Children of America in the 1980s recall President Ronald Reagan’s anti-communist speech, in which Reagan attempted to create fear in the hearts of Americans that the country was facing a RED DAWN. That is, a communist takeover of America was in the wings.
In that oft-quoted and sometimes ridiculed speech, Reagan warned that the wars of Central America was just one day’s drive from Harlingen, Texas.
As I live in Kuwait only about an hour or two from Iraq’s Civil wars, I might ask myself with the same urgency: Do I feel safe?
I might, in turn, ask the hundreds of thousands of Americans, other expatriates, and Kuwaitis who live in Kuwait the same question, eh?
Last month, I spoke on the topic of “Sense of Safety and Awareness in Kuwait” at the AWARE Center in Surra.
Whenever I travel outside Kuwait, many people are amazed to hear me share with them that Kuwait is very much safer than perceived.
These listeners and distant observers wonder at how 3 million people living on the border with the infamous War-Zone Iraq (and so close to Iran and Saudi Arabia) can feel so relatively safe to many other peoples scattered around planet Earth.
In order to investigate whether my personal feelings about this subject of “safety in Kuwait” (1) have been correct and in order to (2) create a clearer picture for those living in and outside of Kuwait about what the “levels of relative and perceived safety” are in Kuwait, I have conducted an initial survey on the subject in January 2008.
I presented these findings at that meeting at the AWARE Center in Surra, Kuwait.
Prior to conducting the survey and interviewing a few other peoples from various lands, I also posited a hypothesis about sense of safety by individuals based upon their own cultural identity related to cultural “proxemics”.
MY BIAS AS A RESEARCHER ON SAFETY As a western born male, my personal bias when carrying out any research in Kuwait is based on personal experience and is naturally a bit skewed and subjective, i.e.

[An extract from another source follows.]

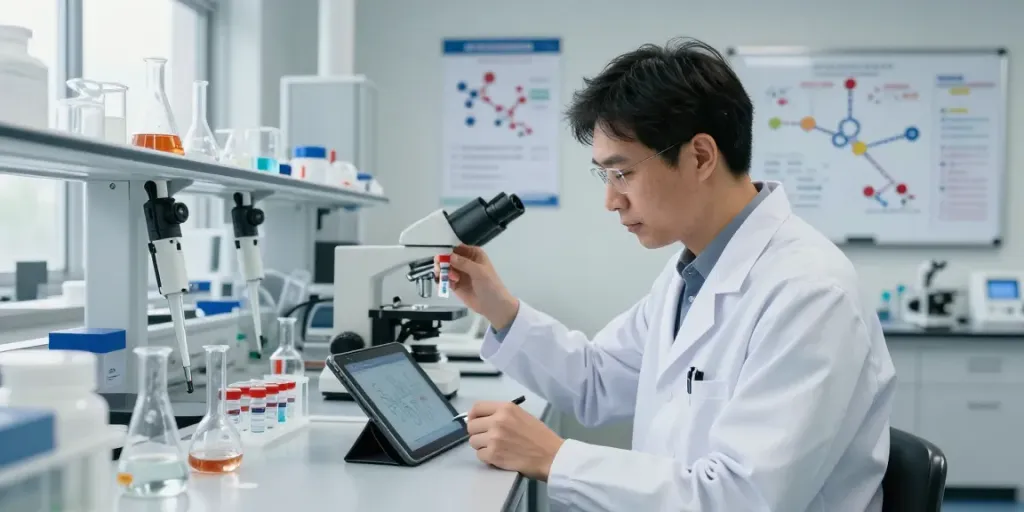 Scientist studying elora peptide in a bright laboratory.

I am a large male with red hair & beard and, therefore, stand out like a sore thumb. My own opinions about safety also shift or depend on whether I have just finished driving on Kuwait’s high-speed roadways or not.As I first came to live in Kuwait in February 2004 and earlier as I lived in the UAE in 1999-2000, I perceived that both countries appeared to not have much overt crime and observed little overt levels of violence or threats. For this reason, I agree with the findings revealed in the survey from adult western male reports that in the Gulf states, I am safer than living one’s homeland—in my case: the U.S.A.
Moreover, aside from my 2 years living in rural Japan in the 1990s, both Gulf States were indeed are probably safer than in any of a dozen other countries I have ever lived in or worked in, including France, Germany, Mexico, & Nicaragua.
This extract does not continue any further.